В последнее время за моду взято народу льстить, а всякого критически смотрящего на русский народ — возить мордой по столу.
Объяснение тому простое: тридцать лет русскому народу доказывали, что он дурак и злодей, фамилия его Шариков, и ему нужно покаяться.
Народ слушал, слушал и сказал: да пошли бы вы ещё.
Быть может, он имеет право на это.
Наверняка.
В конце концов, это тот самый народ, о котором Пушкин говорил: «Взгляните на русского крестьянина: есть ли и тень рабского уничижения в его поступи и речи? О его смелости и смышлёности и говорить нечего. Переимчивость его известна. Проворство и ловкость удивительны».
Это о нём говорил гениальный поэт и дипломат Тютчев: «…русский народ христианин не в силу только Православия своих верований, но и в силу того, что ещё задушевнее верования. Он христианин по той способности к самопожертвованию, которая составляет как бы основу его нравственной природы».
Русским, уверял Николай Васильевич Гоголь в разговоре, «…всё дурное в себе преодолеть и исправить ничего не стоит; мне любо и дорого, что они как умственно, так и нравственно могут возрастать столь быстро, как никто иной на свете».
Когда одна дама в присутствии Достоевского сказала раздраженно, «что именно в России лучше, чем в чужих странах?» — Достоевский ей коротко ответил: «Всё лучше».
Ещё Достоевский говорил: «В русском человеке из простонародья нужно уметь отвлекать (в смысле: отделять, отличать — примечание моё) красоту его от наносного варварства. Обстоятельствами всей почти русской истории народ наш до того был предан разврату и до того был развращаем, соблазняем и постоянно мучим, что ещё удивительно, как он дожил, сохранив человеческий образ… Но он сохранил и красоту своего образа».
Николай Данилевский восхищался тем, что в России «…отношение всего народа к преступникам запечатлено совершенно особенным, человечным и истинно христианским характером».
«Можно ещё указать, — продолжает Данилевский, — на чуждые всякой насильственности отношения как русского народа, так и самого правительства к подвластным России народам». И эта ненасильственность, уверял Данилевский — между прочим, ещё в XIX веке, чужда нам настолько, что «нередко обращается в несправедливость к самому коренному народу».
И даже Лев Толстой, строгий к России и к русским порядкам, и тот восклицал: «Русская цивилизация, конечно, груба, но самый грубый русский человек всегда ужасается обдуманного убийства.

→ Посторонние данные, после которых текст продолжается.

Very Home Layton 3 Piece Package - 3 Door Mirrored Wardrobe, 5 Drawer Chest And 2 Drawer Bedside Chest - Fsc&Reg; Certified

А англичанин!.. если бы его не удерживало чувство приличия и страх перед самим собою, он с бесконечной радостью поел бы тело своего отца».
«Вся надежда на крестьян, — ещё говорил Толстой о русском мужике, — В них есть душа, одарённая Богом, они религиозны, чисты, умеют любить друг друга…»
«Какое мы имеем право бояться своего великого, умного и доброго народа?» — восклицал Александр Блок.
Я читаю и перечитываю эти слова порой со смешанным чувством: иногда мне кажется, что сказанное великими умами России — не данность, а задание.
Что это — экзамен, который надо сдавать из раза в раз.
Из века в век.
На право именоваться русским человеком.
И тем не менее, всегда, всем и каждому нужно отдавать отчёт: сегодня мы занимаем землю, когда основанную и освоенную русскими людьми и всеми, ставшими с русскими людьми в единый строй, плечом к плечу.
Это должно быть выбито на всех скрижалях.
У русских должен быть праздник, и желательно не в этот дурацкий День России, а всегда, ну или, если можно, почаще.
В новой Конституции собираются прописать, что русский язык — это язык государствообразующего народа.
Мне последнее время кажется, что здесь всё-таки наблюдается некая путаница и перестановка мест.
Государствообразующий народ создал русский язык. И сказал на этом языке своё слово. И это слово услышал весь мир.
Теперь наше дело не забыть это слово и самое имя своё.